WHAT TO PRODUCE
Only the lines below from the one containing "JDY Petite JDY" through the one containing "Macaquinho Ciclismo com" belong in the answer, set down exactly, with the pictures left out.

DATA TO PROCESS

--------------------------------

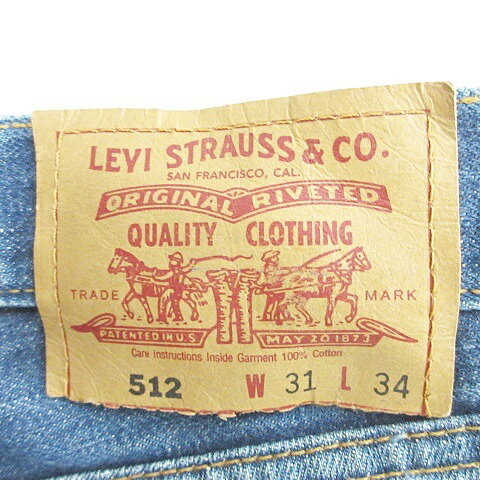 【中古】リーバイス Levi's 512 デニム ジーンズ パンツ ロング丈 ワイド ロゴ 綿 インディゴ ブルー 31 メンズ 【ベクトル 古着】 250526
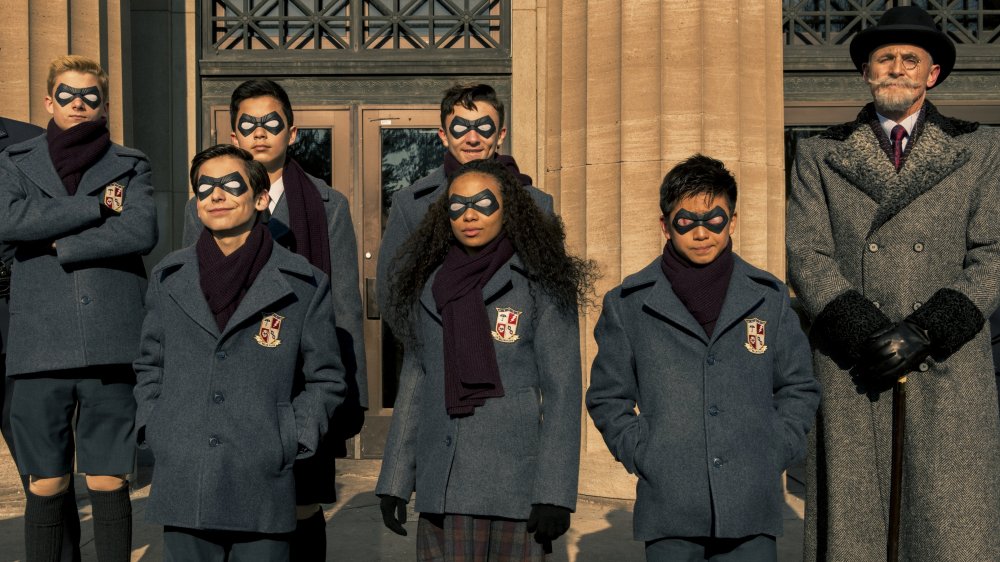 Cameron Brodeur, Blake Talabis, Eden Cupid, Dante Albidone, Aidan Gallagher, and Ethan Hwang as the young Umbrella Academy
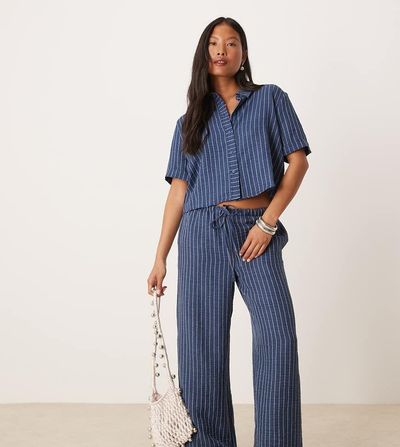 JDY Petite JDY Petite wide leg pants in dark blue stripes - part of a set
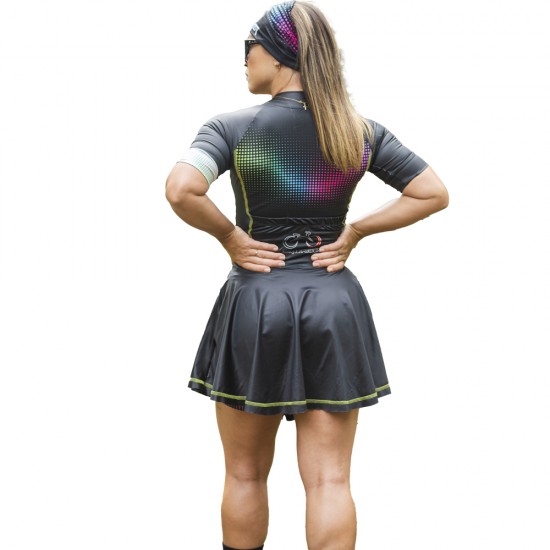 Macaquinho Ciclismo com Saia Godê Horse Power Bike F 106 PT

--------------------------------

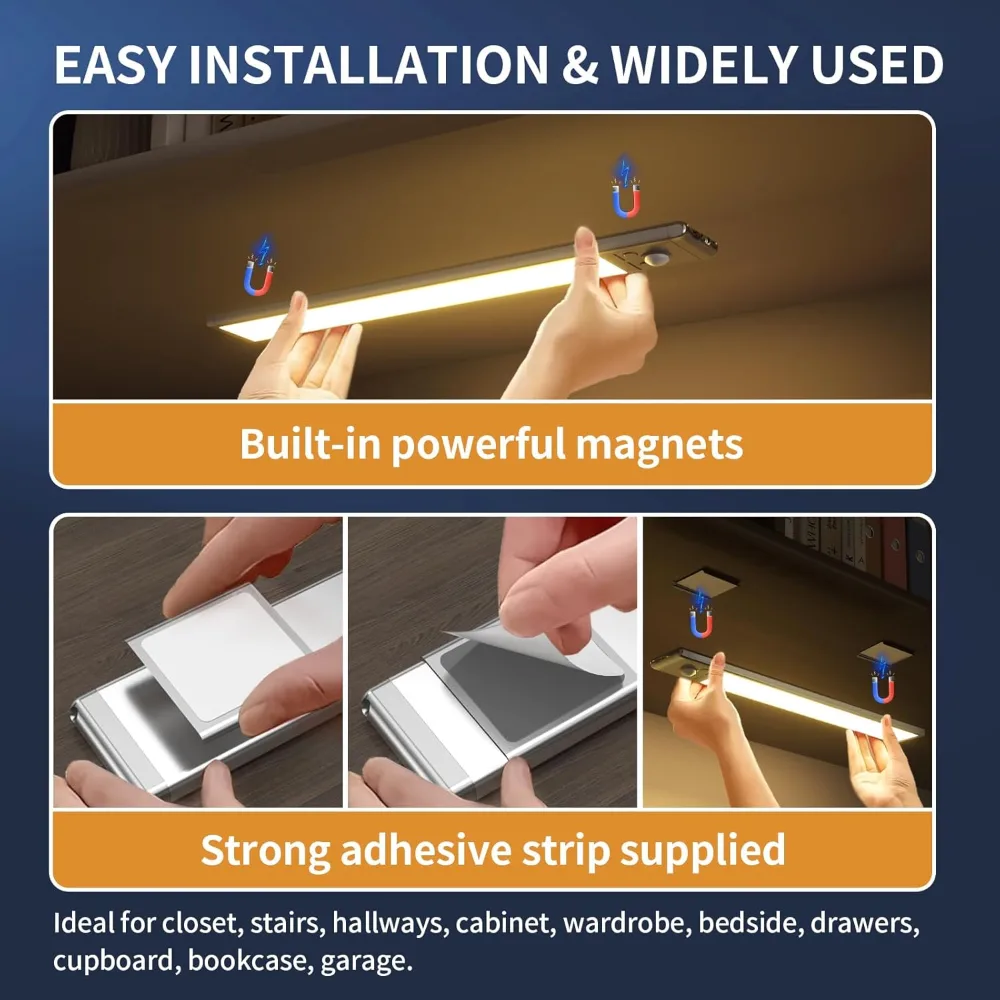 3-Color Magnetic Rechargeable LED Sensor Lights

--------------------------------

EXERCISE ANSWER
 JDY Petite JDY Petite wide leg pants in dark blue stripes - part of a set
 Macaquinho Ciclismo com Saia Godê Horse Power Bike F 106 PT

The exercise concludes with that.